One range is to be output from the listing below, exactly as written: the line with "Water Bottle With" to the line with "Collagen Peptides Powder", both kept.

[Opening Dataset records section]

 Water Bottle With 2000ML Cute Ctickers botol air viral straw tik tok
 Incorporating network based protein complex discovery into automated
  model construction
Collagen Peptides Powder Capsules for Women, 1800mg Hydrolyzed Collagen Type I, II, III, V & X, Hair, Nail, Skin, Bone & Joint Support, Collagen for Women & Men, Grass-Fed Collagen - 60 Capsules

[Closing Dataset records section]
[Opening Dataset records section]

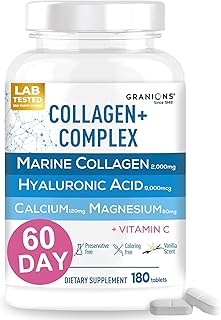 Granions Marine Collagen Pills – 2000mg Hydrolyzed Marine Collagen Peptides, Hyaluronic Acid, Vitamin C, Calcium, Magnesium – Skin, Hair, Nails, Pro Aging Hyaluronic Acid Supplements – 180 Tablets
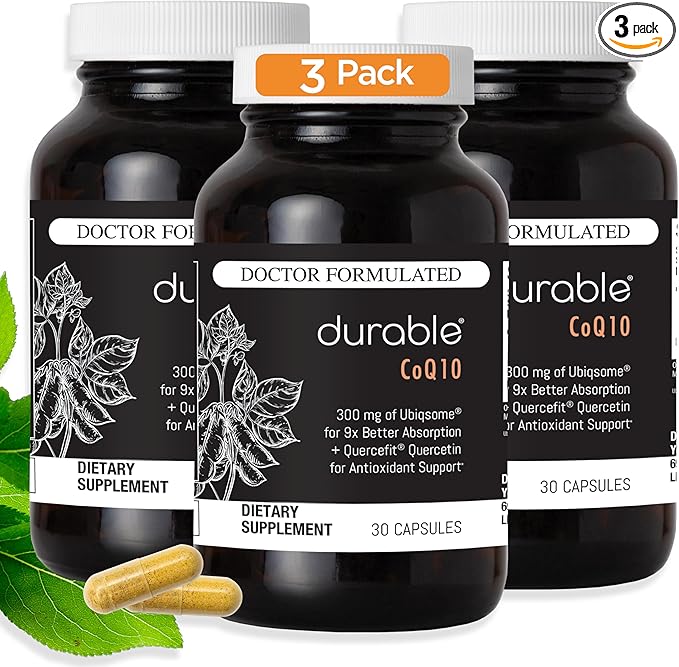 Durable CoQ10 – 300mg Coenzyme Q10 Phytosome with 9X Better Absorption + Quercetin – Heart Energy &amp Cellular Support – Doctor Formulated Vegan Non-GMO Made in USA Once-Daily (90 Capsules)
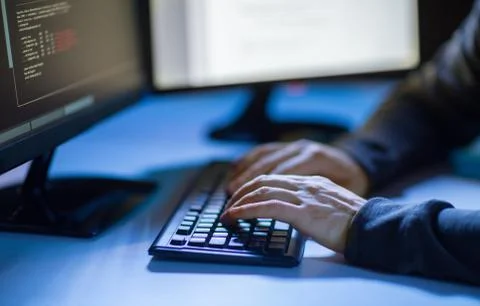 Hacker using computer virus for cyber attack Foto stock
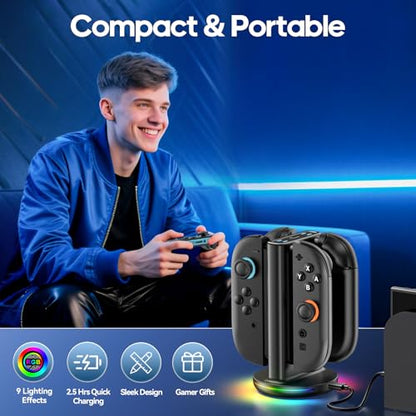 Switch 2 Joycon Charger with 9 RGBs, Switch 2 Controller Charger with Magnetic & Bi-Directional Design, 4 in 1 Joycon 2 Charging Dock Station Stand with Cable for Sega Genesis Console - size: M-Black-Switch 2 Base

[Closing Dataset records section]
[Opening Dataset records section]

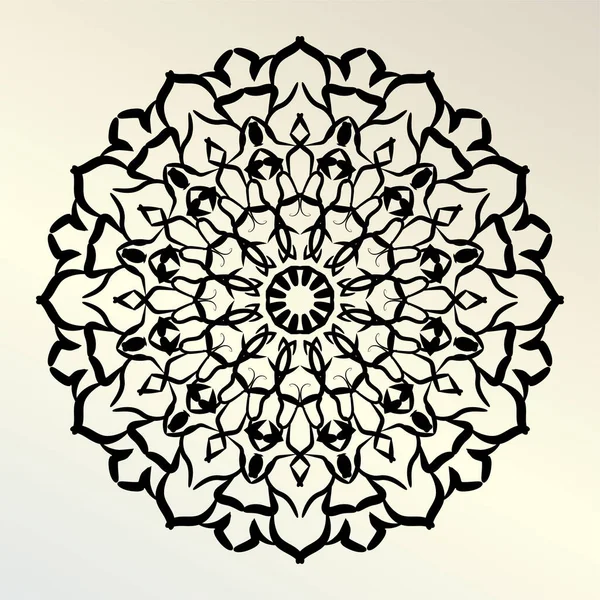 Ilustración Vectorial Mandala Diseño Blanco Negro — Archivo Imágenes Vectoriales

[Closing Dataset records section]

Reply:
 Water Bottle With 2000ML Cute Ctickers botol air viral straw tik tok
 Incorporating network based protein complex discovery into automated
  model construction
Collagen Peptides Powder Capsules for Women, 1800mg Hydrolyzed Collagen Type I, II, III, V & X, Hair, Nail, Skin, Bone & Joint Support, Collagen for Women & Men, Grass-Fed Collagen - 60 Capsules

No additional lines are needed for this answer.